Darren Aronofsky’s least-self-serious movie to date is still far darker and heavier than its marketing might have led you to believe. Basically all of the humor is in the trailer, and every other moment is much grimmer and more upsetting than you’d expect from the advertising (in a good way!). It’s an extremely tense chase caper where basically every character is memorable, every location has a rich sense of dingy charm, and every scene has at least one very clever detail that either sets up or calls back to another moment without making a big deal out of it. And it’s all anchored by what I believe to be Austin Butler’s first actual movie star performance, where his character reflects his natural charisma rather than forcing him into a transformative character actor performance like his previous roles. Just as the real Butler presents himself, his performance/character here is extremely sensitive, passionate, and soulful (and really loves his mom), which puts him in sharp contrast with the grit and cruelty of the rest of the movie — and that tension between the character and his context feels like the entire point of the movie, not some mistake or miscalculation in casting.

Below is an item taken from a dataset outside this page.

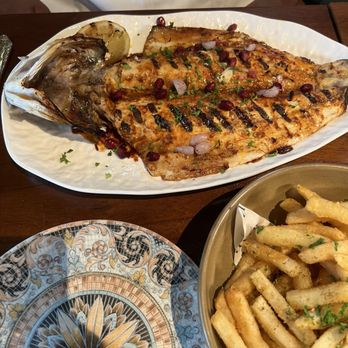 aya - Branzino with Truffle Fries - Middle Eastern Near Me - Milwaukee, Wisconsin aya - Branzino with Truffle Fries - Middle Eastern Near Me - Milwaukee, Wisconsin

This gonzo ping pong thriller-dramedy is a pretty perfect union of leading man and filmmaker. It’s the closest Timothée Chalamet has come to giving a Movie Star performance because the character is so consistent with (and in conversation with?) his recent off-screen persona of laser-focused, hard-working, out-of-the-box-thinking young man whose relentless ambition and braggadocio makes him simultaneously admirable and annoying. That star persona slots pretty flawlessly into Josh Safdie’s fixation on self-defeating semi-charismatic dirtbags making enemies all over town in an attempt to score. That combination effectively makes the film’s table tennis feel like a not-so-subtle analogue for artistic pursuits, and all of the challenges that Marty faces seem pretty similar to the roadblocks impeding young artists: constantly making concessions to survive, taking crappy gigs that you don’t believe in, sucking up to financiers, struggling to convince the world that your pursuits are valid and worthwhile. And Daniel Lopatin’s score might be my favorite of the year.

Other movies I enjoyed this year: Predators, Good Boy, Roofman, Predator: Killer of Killers, KPop Demon Hunters, The Mastermind, Blue Moon, Nonnas, Friendship, The Naked Gun, Drop, Companion, Together, Eephus, Weapons, The Phoenician Scheme, No Other Land, Sentimental Value, Thunderbolts, Mission: Impossible – The Final Reckoning, Final Destination: Bloodlines, After the Hunt, Freakier Friday, The Smashing Machine, Tron: Ares, The Long Walk, Last Breath, Bugonia, A House of Dynamite, Bugonia, and Hedda.